Critical Regionalism is not so much a style as it is a critical category oriented towards certain common features, which may not always be present in the examples cited here. These features, or rather attitudes, may perhaps be best summarized as follows.
(1) Critical Regionalism has to be understood as a marginal practice, one which, while it is critical of modernization, nonetheless still refuses to abandon the emancipatory and progressive aspects of the modern architectural legacy. At the same time, Critical Regionalism's fragmentary and marginal nature serves to distance it both from normative optimization and from the naïve utopianism of the early Modern Movement. In contrast to the line that runs from Haussmann to Le Corbusier, it favors the small rather than the big plan.
(2) In this regard Critical Regionalism manifests itself as a consciously bounded architecture, one which rather than emphasizing the building as a free-standing object places the stress on the territory to be established by the structure erected on the site. This 'place-form' means that the architect must recognize the physical boundary of his work as a kind of temporal limit- the point at which the present act of building stops.
(3) Critical Regionalism favors the realization of architecture as a tectonic fact rather than the reduction of the built environment to a series of ill-assorted scenographic episodes.
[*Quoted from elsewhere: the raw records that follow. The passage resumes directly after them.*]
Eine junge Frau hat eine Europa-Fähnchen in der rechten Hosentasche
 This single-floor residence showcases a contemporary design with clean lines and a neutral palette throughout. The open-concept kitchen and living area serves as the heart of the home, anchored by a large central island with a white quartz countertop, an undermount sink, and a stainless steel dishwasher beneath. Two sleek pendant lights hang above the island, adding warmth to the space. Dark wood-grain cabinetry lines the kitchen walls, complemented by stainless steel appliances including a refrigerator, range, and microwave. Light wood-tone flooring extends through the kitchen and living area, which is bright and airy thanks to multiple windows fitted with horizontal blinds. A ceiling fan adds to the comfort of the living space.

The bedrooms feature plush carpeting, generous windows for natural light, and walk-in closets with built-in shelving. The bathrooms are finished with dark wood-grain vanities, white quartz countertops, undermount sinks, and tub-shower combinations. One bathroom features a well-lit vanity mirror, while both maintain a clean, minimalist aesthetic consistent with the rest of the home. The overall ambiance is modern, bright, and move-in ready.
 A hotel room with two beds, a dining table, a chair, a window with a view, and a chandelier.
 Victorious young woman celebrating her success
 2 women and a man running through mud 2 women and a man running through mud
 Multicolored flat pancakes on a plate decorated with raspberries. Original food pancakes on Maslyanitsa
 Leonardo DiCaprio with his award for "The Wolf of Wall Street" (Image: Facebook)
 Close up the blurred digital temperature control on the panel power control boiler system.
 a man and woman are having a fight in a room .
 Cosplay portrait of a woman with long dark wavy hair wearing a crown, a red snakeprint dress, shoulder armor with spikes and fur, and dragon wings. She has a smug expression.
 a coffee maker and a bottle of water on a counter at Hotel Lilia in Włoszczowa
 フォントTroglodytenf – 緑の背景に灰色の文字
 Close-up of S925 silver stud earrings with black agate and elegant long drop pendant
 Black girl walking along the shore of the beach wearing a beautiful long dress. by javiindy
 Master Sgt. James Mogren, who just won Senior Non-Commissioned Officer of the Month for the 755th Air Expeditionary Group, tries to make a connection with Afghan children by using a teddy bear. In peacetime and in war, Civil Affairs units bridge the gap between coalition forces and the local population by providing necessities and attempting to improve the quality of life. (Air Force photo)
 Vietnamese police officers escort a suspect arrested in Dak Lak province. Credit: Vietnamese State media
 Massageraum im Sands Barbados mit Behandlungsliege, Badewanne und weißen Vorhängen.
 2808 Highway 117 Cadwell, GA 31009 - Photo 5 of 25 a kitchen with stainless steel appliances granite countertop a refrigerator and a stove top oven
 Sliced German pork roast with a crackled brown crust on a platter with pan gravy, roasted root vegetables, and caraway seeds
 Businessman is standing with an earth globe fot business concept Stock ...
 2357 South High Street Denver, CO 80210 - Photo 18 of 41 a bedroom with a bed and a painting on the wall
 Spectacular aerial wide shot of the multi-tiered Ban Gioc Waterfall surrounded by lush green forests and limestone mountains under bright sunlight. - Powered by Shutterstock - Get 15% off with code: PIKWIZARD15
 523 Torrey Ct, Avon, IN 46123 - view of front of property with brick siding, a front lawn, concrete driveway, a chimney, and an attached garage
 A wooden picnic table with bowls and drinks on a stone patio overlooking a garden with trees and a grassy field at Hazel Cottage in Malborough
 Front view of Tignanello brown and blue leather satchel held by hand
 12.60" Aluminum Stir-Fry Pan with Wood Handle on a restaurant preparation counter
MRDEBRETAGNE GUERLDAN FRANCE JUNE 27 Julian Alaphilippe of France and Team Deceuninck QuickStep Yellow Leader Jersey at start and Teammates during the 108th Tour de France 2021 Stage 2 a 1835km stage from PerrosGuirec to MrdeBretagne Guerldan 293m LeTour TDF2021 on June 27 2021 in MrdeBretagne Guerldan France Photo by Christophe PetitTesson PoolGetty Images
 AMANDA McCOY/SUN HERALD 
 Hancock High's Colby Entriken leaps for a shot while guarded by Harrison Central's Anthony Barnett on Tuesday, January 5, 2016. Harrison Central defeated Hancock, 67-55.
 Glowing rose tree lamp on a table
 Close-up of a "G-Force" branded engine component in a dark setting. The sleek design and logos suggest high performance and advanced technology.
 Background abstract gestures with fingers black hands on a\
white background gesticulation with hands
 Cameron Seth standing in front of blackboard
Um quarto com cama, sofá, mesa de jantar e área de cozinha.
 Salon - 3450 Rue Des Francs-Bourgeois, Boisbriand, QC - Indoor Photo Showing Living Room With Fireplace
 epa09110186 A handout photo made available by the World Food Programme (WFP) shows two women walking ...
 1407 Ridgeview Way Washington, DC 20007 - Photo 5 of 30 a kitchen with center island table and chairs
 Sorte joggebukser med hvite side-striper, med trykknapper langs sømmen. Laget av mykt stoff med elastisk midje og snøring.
(4) It may be claimed-that Critical Regionalism is regional to the degree that it invariably stresses certain site-specific factors, ranging from the topography, considered as a three-dimensional matrix into which the structure is fitted, to the varying play of local light across the structure. Light is invariably understood as the primary agent by which the volume and the tectonic value of the work are revealed. An articulate response to climatic conditions is a necessary corollary to this. Hence Critical Regionalism is opposed to the tendency of 'universal civilization' to optimize the use of air-conditioning, etc. It tends to treat all openings as delicate transitional zones with a capacity to respond to the specific conditions imposed by the site, the climate and the light.
(5) Critical Regionalism emphasizes the tactile as much as the visual. It is aware that the environment can be experienced in terms other than sight alone. It is sensitive to such complementary perceptions as varying levels of illumination, ambient sensations of heat, cold, humidity and air movement, varying aromas and sounds given off by different materials in different volumes, and even the varying sensations induced by floor finishes, which cause the body to experience involuntary changes in posture, gait, etc. It is opposed to the tendency in an age dominated by media to the replacement of experience by information.
(6) While opposed to the sentimental simulation of local vernacular, Critical Regionalism will, on occasion, insert reinterpreted vernacular elements as disjunctive episodes within the whole. It will moreover occasionally derive such elements from foreign sources. In other words it will endeavor to cultivate a contemporary place-oriented culture without becoming unduly hermetic, either at the level of formal reference or at the level of technology. In this regard, it tends towards the paradoxical creation of a regionally based 'world culture', almost as though this were a precondition for achieving a relevant form of contemporary practice.
(7) Critical Regionalism tends to flourish in those cultural interstices which in one way or another are able to escape the optimizing thrust of universal civilization. Its appearance suggests that the received notion of the dominant cultural center surrounded by dependent, dominated satellites is ultimately an inadequate model by which to assess the present state of modern architecture.